I know nothing of what happens for a solid hour, lost in the confines of John’s soft lips, of John’s strong arms, of John’s breath and his tickling and the words he whispers in my ear: “Don’t ever leave me.” I know we’d both like to do a lot more than this, even in the dark where it’s possible no one might witness us, but lips are certainly exciting enough, at least for now, and the memory of our special night in Trenton will have to suffice for us both.

When he drifts back to a warm, snuggly sleep, I watch Jasmine’s backside as she holds Megan in the night like a granddaughter. I’m touched for a while, unable to think much of anything.

I wish I could live within this peace forever.

Maybe it’s the silence of the night after a long, trying day of travel, but the enormity of our situation begins to sit heavily in me, and I have to confess the truth to myself:

We are not safe.

Alone now, I let myself process the true consequence of Jasmine having encountered us. Before Megan broke Grim’s control, even before any of us knew that Jasmine was under his control, I told her where we were heading.

That means he knows, too.

 

 

 

C H A P T E R – S E V E N T E E N

S O M E O N E  
E
L S E ’ S   H O M E

 

Before the others are awake, Jasmine has freed herself from Megan’s clutch and I’ve slipped out of John’s arms. The only other one who’s up is Gunner, who’s taken to scouting the area ahead. Only Jasmine and I can see him, our ghostly eyes proving once again useful when looking afar, and utterly useless when looking up.

The silver untelling sky twisting above, Jasmine asks, “So, Grim knows?”

“Yeah, I imagine he does.” I fold my arms. “It’s not your fault. He’s … manipulative. I used to love him. Our story’s a complicated one. He saved me from a cliff, then sent the Deathless to a tavern to abduct me. That’s where I met John.” Jasmine smiles warmly; I’d told her that story before, long ago. “Grim saved me again at the Necropolis. I saved him in return at Trenton. That’s all it’s been, really. Just a long series of us saving one another. Now he thinks he’ll save the whole damn world by ending it …”

“Sometimes, trouble is a drug,” says Jasmine. “People are drawn to it. People are born by it. Grimsky is a man who’s never had his Waking Dream. We can’t know what really troubles another’s mind. It’s not for us to know.”

“We’ll never know what troubles his,” I point out. “He told me the price of becoming Deathless—it’s to give up one’s First Life. He’ll never have the Dream, Jazz. He’ll never know.”

I understand a lot about troubled minds and secrets. All those months spent with a less-than-kind John taught me as much as I figure I ought to know.

“That’s a most unfortunate tragedy,” Jasmine agrees.

“Yes.” I look back at the group. A few of the women have stirred, one of them picking through the satchel of food rations. The satchels are growing lighter. The lighter they get, the heavier my heart gets. “I don’t want them to starve. What if … What if we never find Garden?”

“It was certainly a risk to journey so far from Trenton. But I say, a far better thing to have risked taking such a journey and die reaching for that dream … than to not have taken one at all.”

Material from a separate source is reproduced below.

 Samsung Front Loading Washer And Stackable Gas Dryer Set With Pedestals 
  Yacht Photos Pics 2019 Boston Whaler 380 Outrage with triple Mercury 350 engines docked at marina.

Our conversation draws to a close as the Humans wake and begin nibbling on their rations, which have all been portioned even smaller than before. John is among them, offering some of his rations to a quite-fatigued Megan. None of the Humans thought they’d be in this position again; starved, tired, surviving on scraps and barely hanging on each day in a harsh, spent world. I watch them from a distance, amazed at how cooperative everyone’s being. Even Gill with his suspicious, pain-ridden eyes. I still remember his wife in that last moment, her breathy final words that I never heard, her hand reaching for me.

What a horrible thing, to be given someone’s final words and not to have heard them.

“Chief,” calls out Gunner, returning from his scouting just as the other Humans finish gathering up their things. “There’s a river not more than ten minutes ahead of us, fifteen at most. Water. Real water.”

He’d filled a canister, which is quickly passed around to the most in-need. The Chief slings a backpack over his shoulders, eyes us all with his hardened stare. “Onward, then. Let’s make to the river.”

A real river. Water. That must mean life, right?